# Image-caption web data:
───

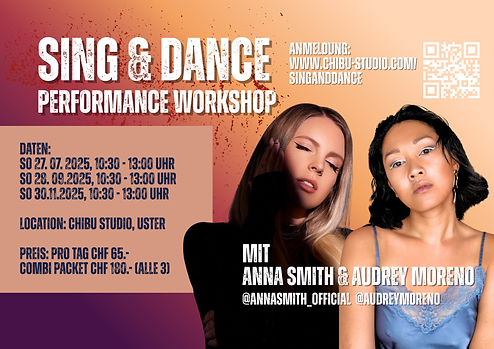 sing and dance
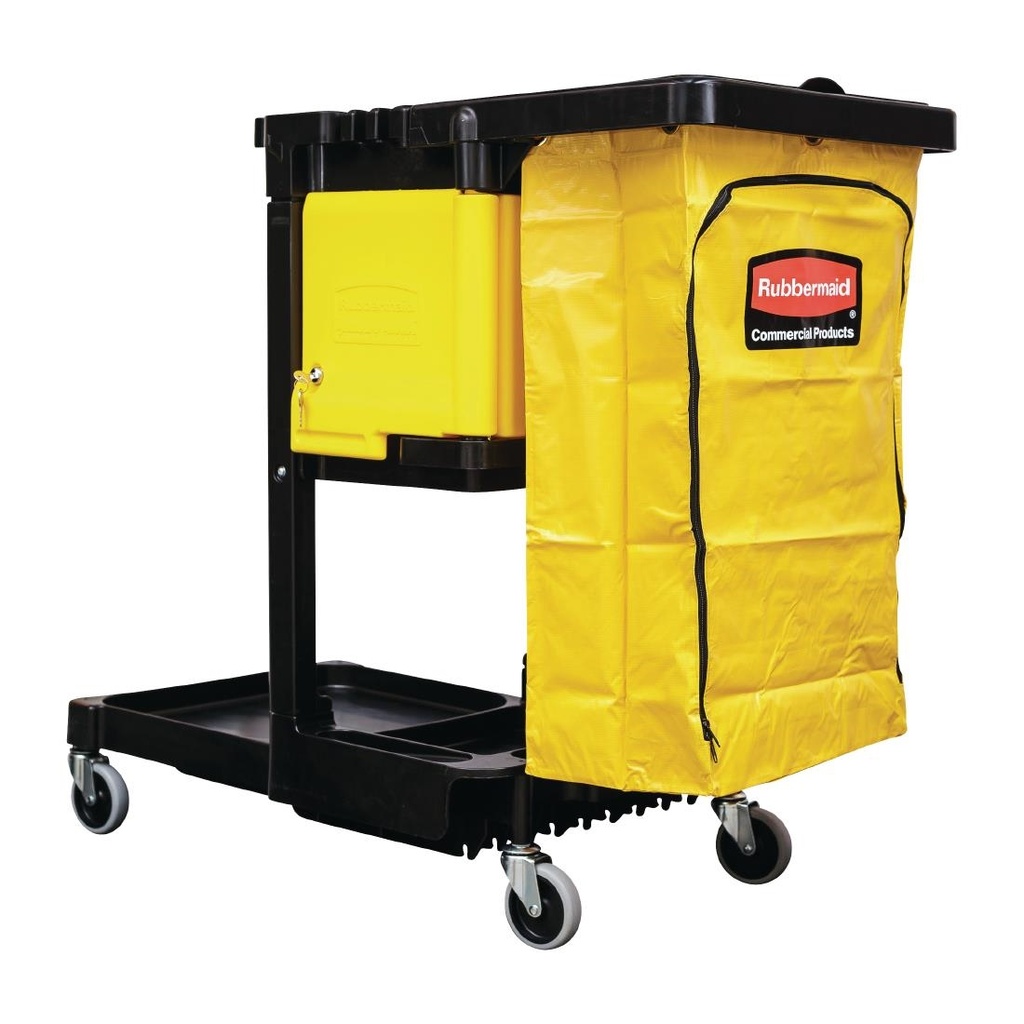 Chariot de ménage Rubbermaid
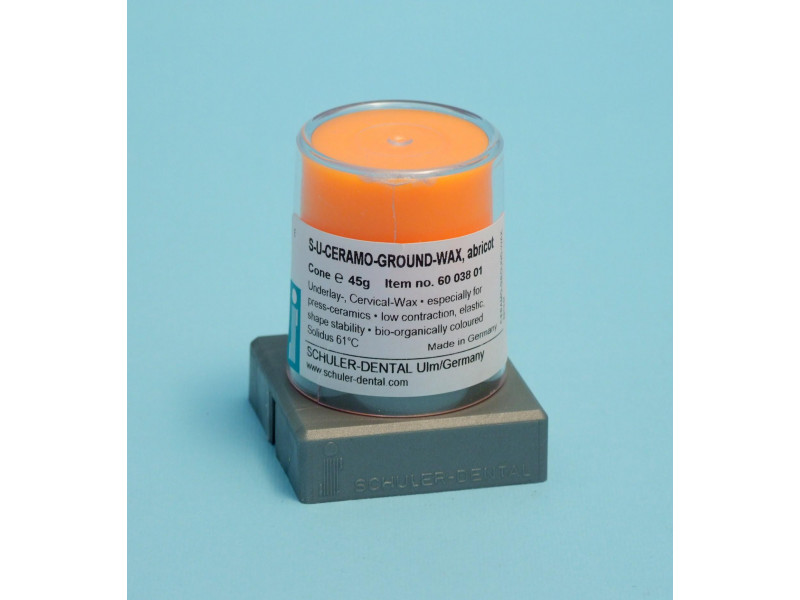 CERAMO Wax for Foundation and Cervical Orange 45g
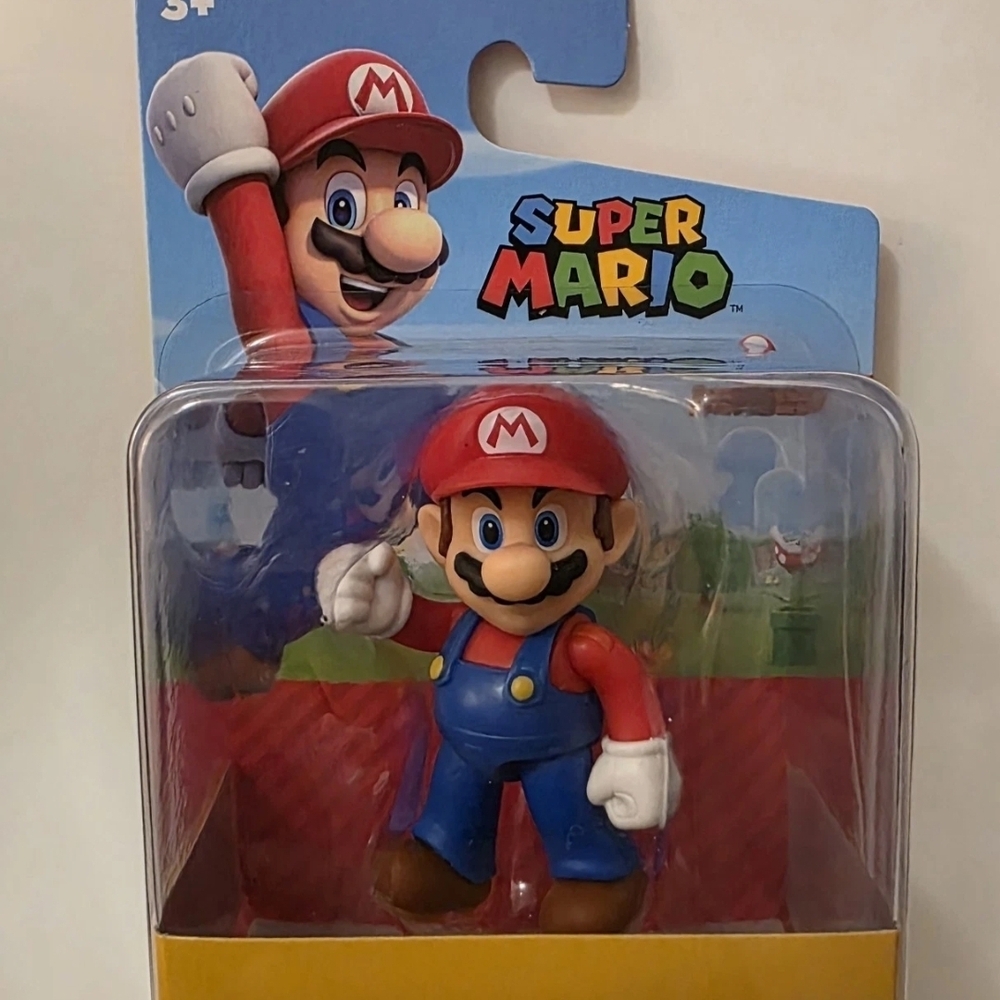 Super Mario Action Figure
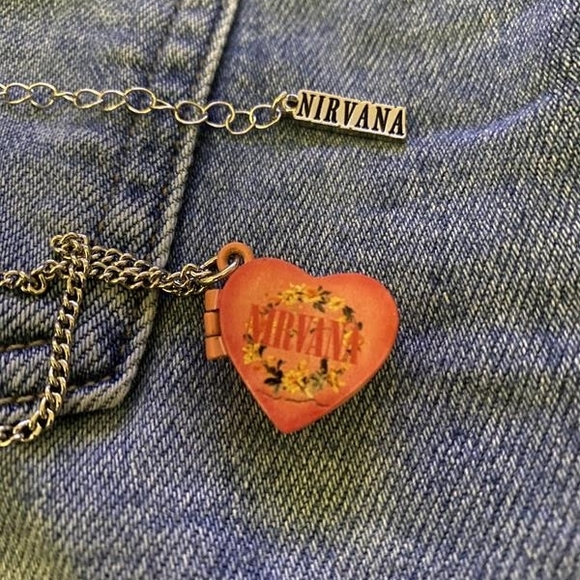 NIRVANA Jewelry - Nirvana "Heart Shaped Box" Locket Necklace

───

# WORK REQUEST:
Could you copy the data above exactly, leaving the pictures out?

# OUTPUT OF THE EXERCISE:
 sing and dance
 Chariot de ménage Rubbermaid
 CERAMO Wax for Foundation and Cervical Orange 45g
 Super Mario Action Figure
 NIRVANA Jewelry - Nirvana "Heart Shaped Box" Locket Necklace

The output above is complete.